By Denise A. Valdez, Reporter

CEBU PACIFIC operator Cebu Air, Inc. is looking to ramp up the expansion of its cargo business, banking on the continued growth of the logistics industry.

“The business plan is for the cargo side to grow faster than the overall passenger side. If we succeed in that, then of course, by definition, we will grow (cargo) to a bigger portion of the total (revenue) pie,” Alex B. Reyes, vice-president of Cebu Pacific’s cargo division, told reporters in the launch of its first all-cargo freighter Wednesday.

“We’re just responding to the demand in the market place. If we can supply it, then we’ll grow along with the demand in the market place,” he added.

The Gokongwei-led budget carrier draws its profits from three business segments: passenger, cargo and ancillary services. In the first half, revenues from the passenger segment grew 18% to P33.35 billion, from ancillary services by 23.8% to P8.52 billion, and from cargo by 7% to P2.84 billion.

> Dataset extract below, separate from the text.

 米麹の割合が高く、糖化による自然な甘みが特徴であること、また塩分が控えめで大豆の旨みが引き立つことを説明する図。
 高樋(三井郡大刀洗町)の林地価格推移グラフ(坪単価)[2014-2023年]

Mr. Reyes said Cebu Pacific is optimistic on its cargo business, noting that the 7% revenue increase in the past six months shows its growth potential in the region.

He said despite the 5.4% decline in Asia-Pacific demand for air freight as of June — based on data from the International Air Transport Association (IATA) — Cebu Pacific was able to maintain its growth momentum during the period.

The company’s cargo business is still largely supported by the belly capacity of its Airbus fleet, but it is now exploring more opportunities, starting with all-cargo planes.

Cebu Pacific took delivery of its first all-cargo aircraft, a reconfigured passenger ATR 72-500, which it will start deploying next month. The next one is expected to arrive before yearend.

“The ATRs are supposed to supplement the total capacity that we have. But they’re still relatively small compared to the total network capacity,” Mr. Reyes said.

“The freighter is brand new to us in terms of operations. We don’t have experience yet operating an all-cargo aircraft. But this is the first step in that direction,” he added.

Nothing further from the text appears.